**Assignment**: Transcribe the entries below word for word, beginning at the line with "411 Shaker Road Gray ME 04039" and stopping after the line with "2050 N Charter"; drop all pictures.

**Data supplied**:
[Start of Attachment]

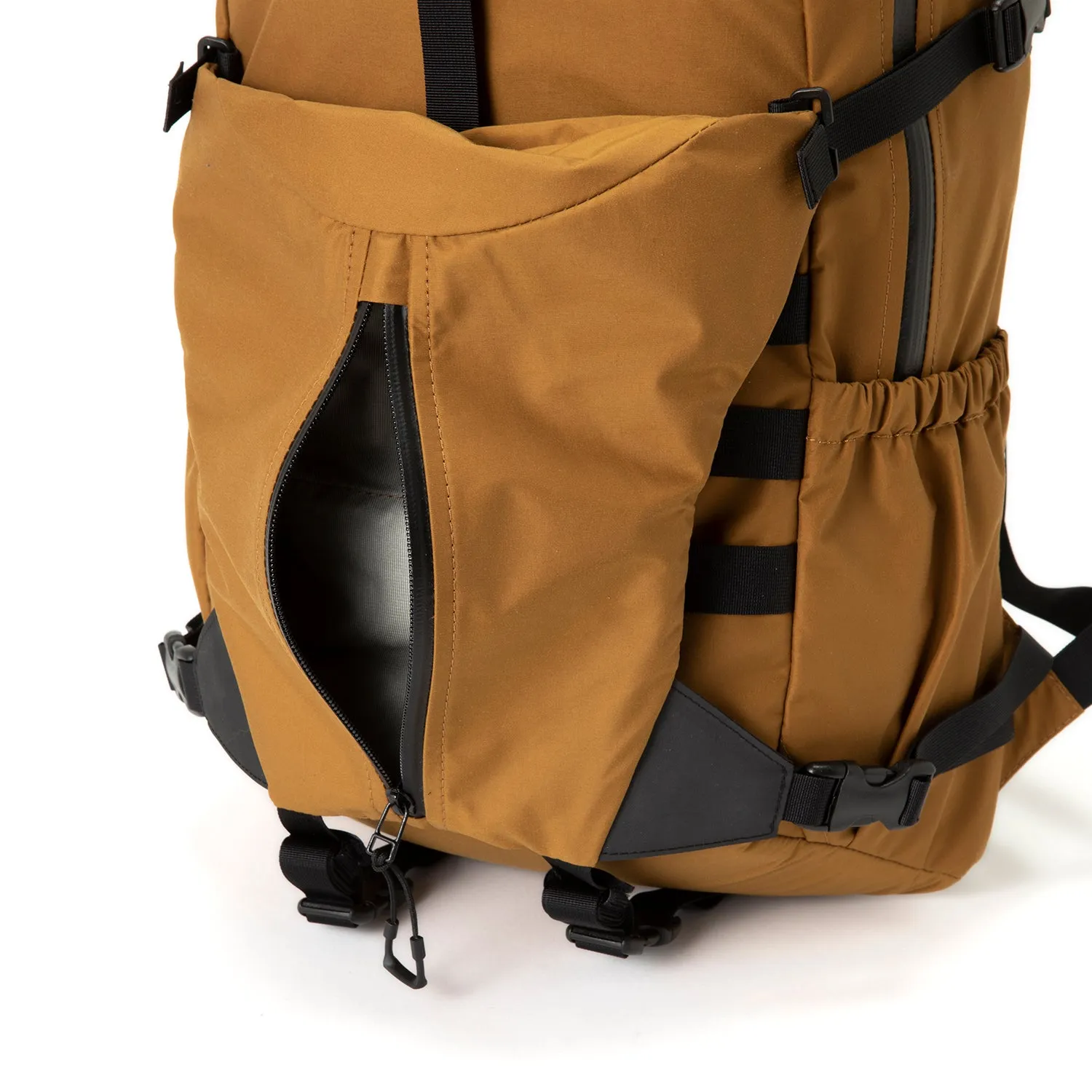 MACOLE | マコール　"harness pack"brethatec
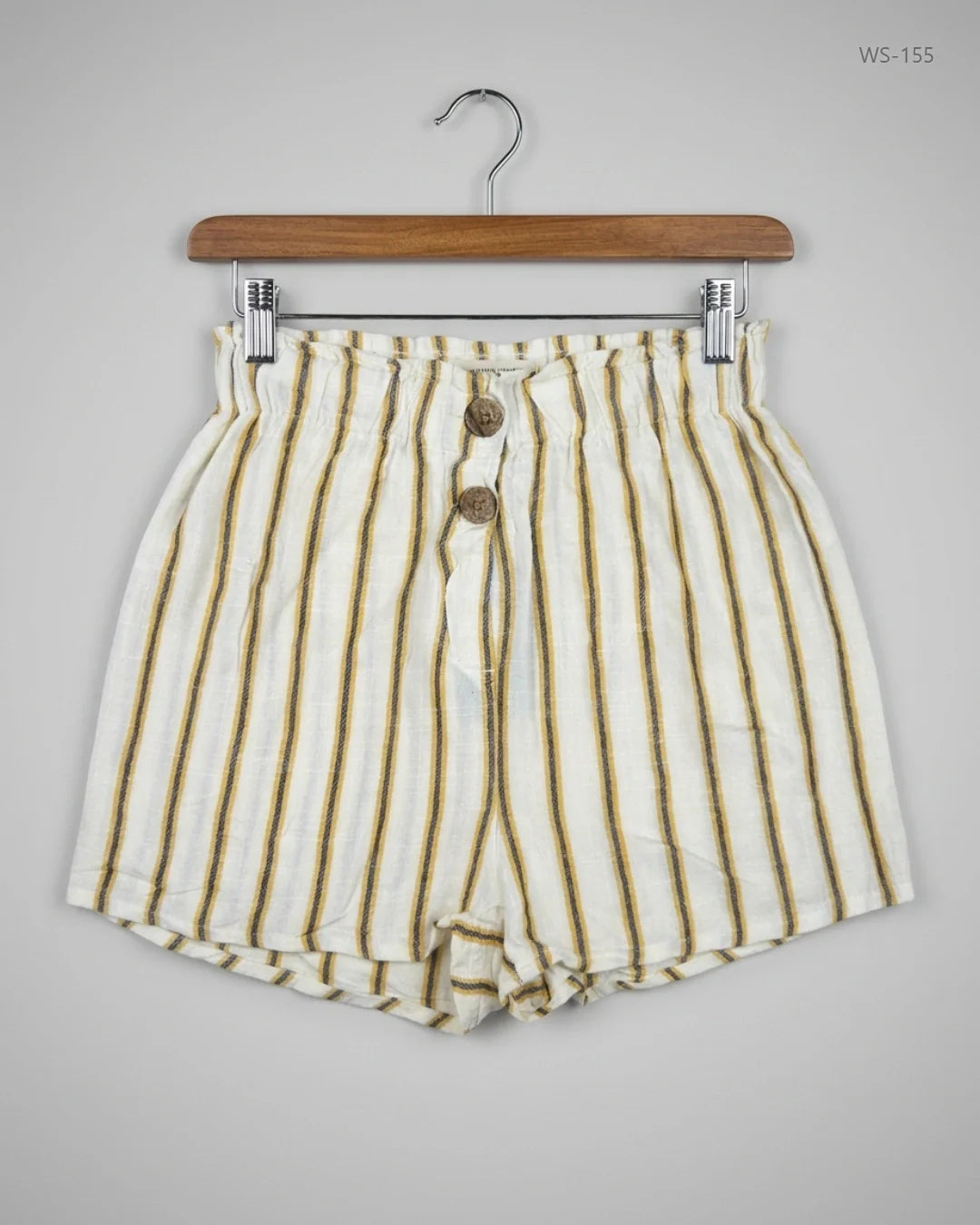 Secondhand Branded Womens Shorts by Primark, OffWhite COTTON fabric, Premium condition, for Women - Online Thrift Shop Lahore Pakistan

[End of Attachment]
[Start of Attachment]

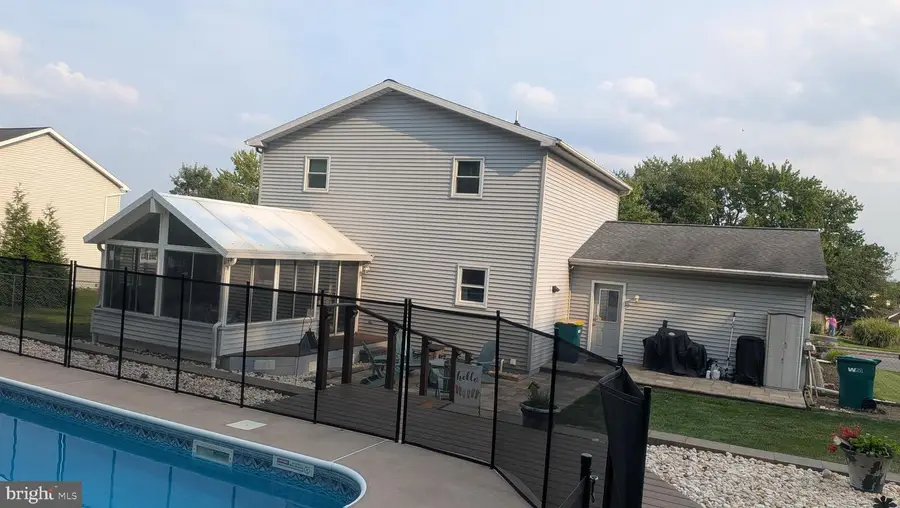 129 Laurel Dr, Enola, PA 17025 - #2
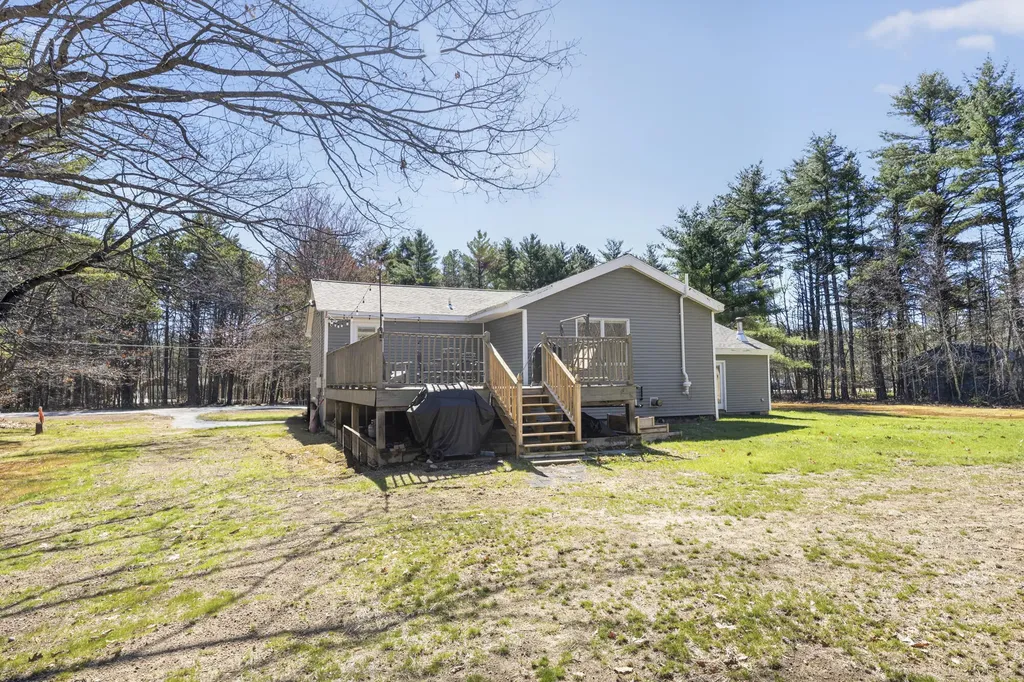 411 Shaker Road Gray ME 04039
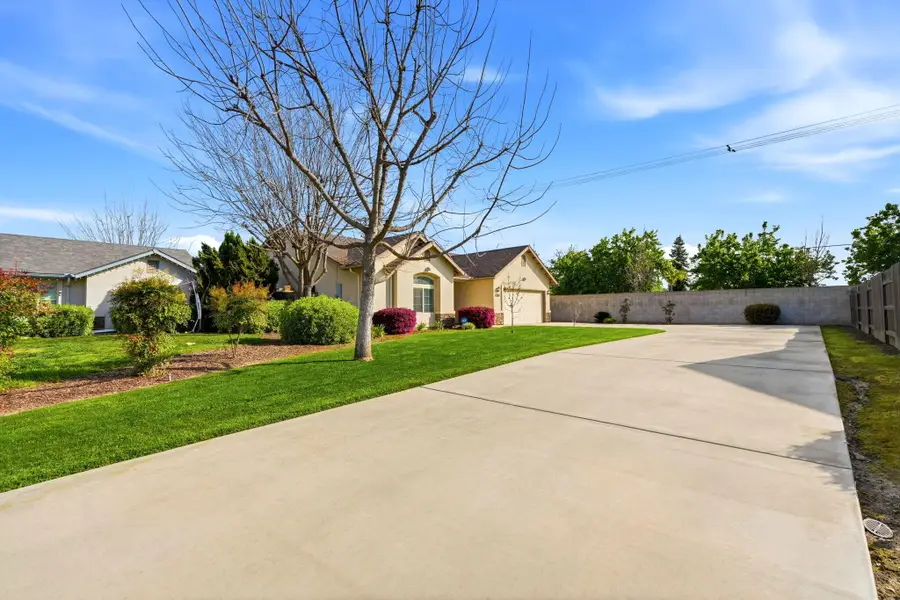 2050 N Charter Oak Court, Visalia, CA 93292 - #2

[End of Attachment]

**Answer box**:
 411 Shaker Road Gray ME 04039
 2050 N Charter Oak Court, Visalia, CA 93292 - #2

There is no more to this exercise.